10 questions to Michael Sparks, OS Guru at BBC (Part 1)

We've drawn up a list of ten questions for Michael Sparks who is a BBC Senior Research Engineer, specialised in and passionate about Open source. He tells us more about his encounter with the OS movement and more interestingly, some very very good insight on the Kamaelia project. Brace yourself for the 6000+ words answers. Part 2 will be published tomorrow.

First of, let me preface my answers by saying that these answers must be construed generally as personal opinions and preconceptions, and not in any shape or form an official BBC position. I do not speak for the BBC here despite working there, and despite speaking on behalf of the BBC at Linux World London.

1. Who is Michael Sparks?

I'm currently a Senior Research Engineer who works at the BBC, a computer science graduate from Manchester University and have spent my professional career prior to the BBC working on scaling large scale network systems. I'm a software engineer, and I'm interested in improving the tools we use for creating systems both large and small, so that we can get on and implement all the cool tools that SciFi inspires. I also like cats and being random :-)

2. How did you develop a passion for Open Source?

Interesting question. To me Open Source embodies an ideal that scientists have had for many years, hundreds even. In science you explore the possible, and report your findings in a repeatable way. Usually you do this by publishing work work and the mechanisms required to do this. Open source falls under the category of publishing your work.

The initial hook that got me started in using open source however goes back to my student days. I was doing computer science and needed access to a free compiler (penniless student you see :), and didn't want to rip anyone off (Whatever anyone says about copyright, infringing on a state granted time limited monopoly isn't nice, or frankly necessary).

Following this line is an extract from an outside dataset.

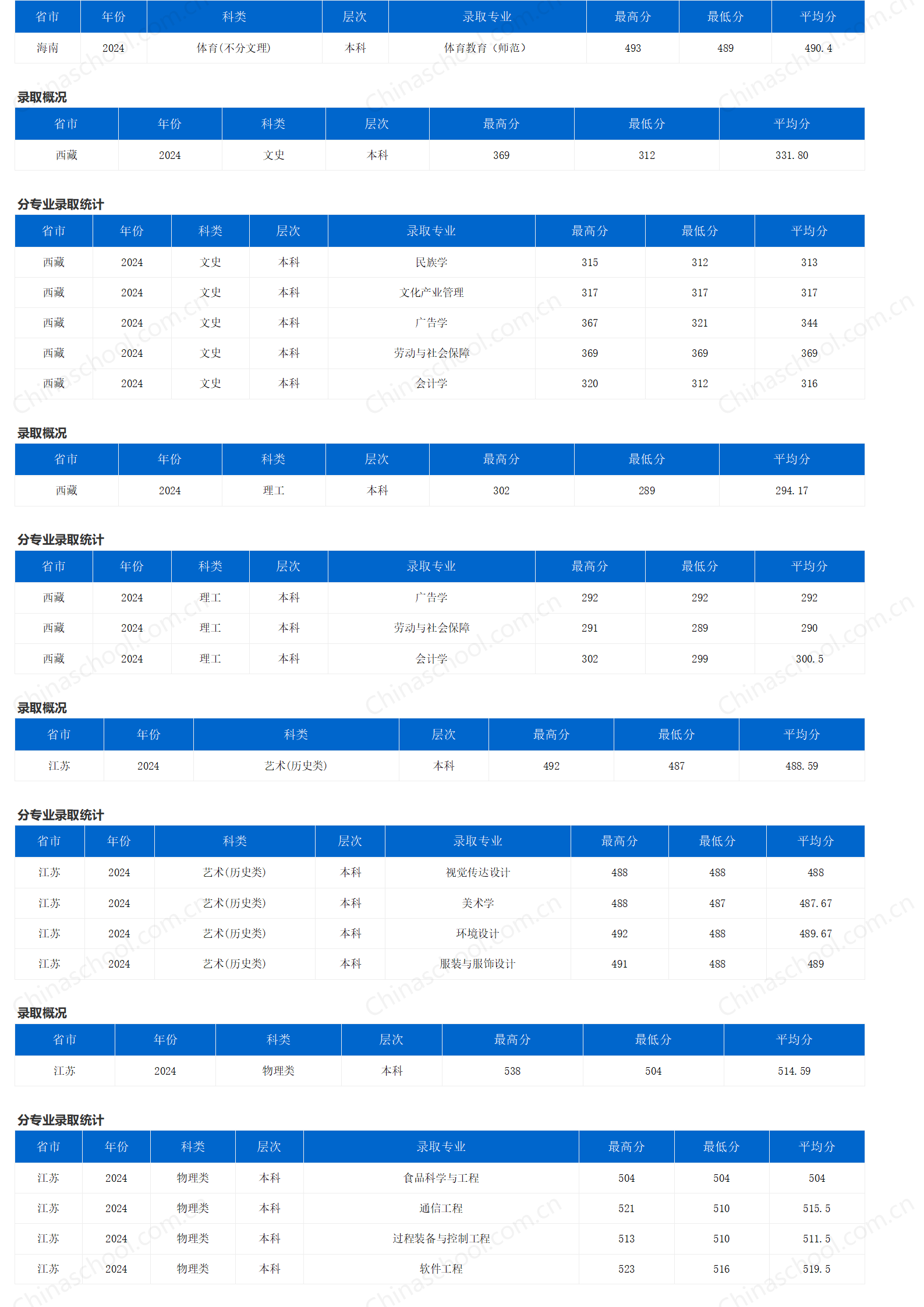 重慶三峽學(xué)院－2024年招生分?jǐn)?shù)線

I saw people copying Microsoft or Borland developer tools and thought "If I'm ending up in that industry, maybe, then it seems hypocritical to start off by ripping off". As a result I downloaded DJGPP - a port of GCC to DOS, and then moved onto a 4 floppy distribution of Linux.

From then on it was natural (as a student) to look for a legal gratis alternative, and to contribute back where you can. The open source aspects came later.

After all, it's very clear that in a situation where someone is giving you code, the best way you can pay for that gift is to "Pay It Forward" in exactly the same way as the film of the same name. That film, for me is one of the best single analogies as to how open source works in practice.

After reading the GNU manifesto however, I personally came down heavily on the side of the BSD license. Developers do have a choice in our society (rightly or wrongly) on how (or if) they charge for their services.

At the end of the day, the market will decide. The growth of Linux over the past 15 years is an interesting decision by the market. I like the BSD license because it allows people to take my code and generate wealth from it. This is precisely what's happened with software systems built on this license over a long time period.

TCP/IP, DNS, Web, Email - all the major initial implementations all had BSD or BSD-like licenses in that the code can be closed (PD code can be closed).

However between them they generate more tax revenue for the government per year than the BBC license fee, and significantly more for the general population. Not bad for something you can get hold of for free. The mere existance of the closable, but not closed versions tends to keep the closed versions more "honest" - since otherwise they get replaced by the closable (or non-closable) versions.

3. To what extent is Open Source used in the BBC? Have you for example migrated to Open Office?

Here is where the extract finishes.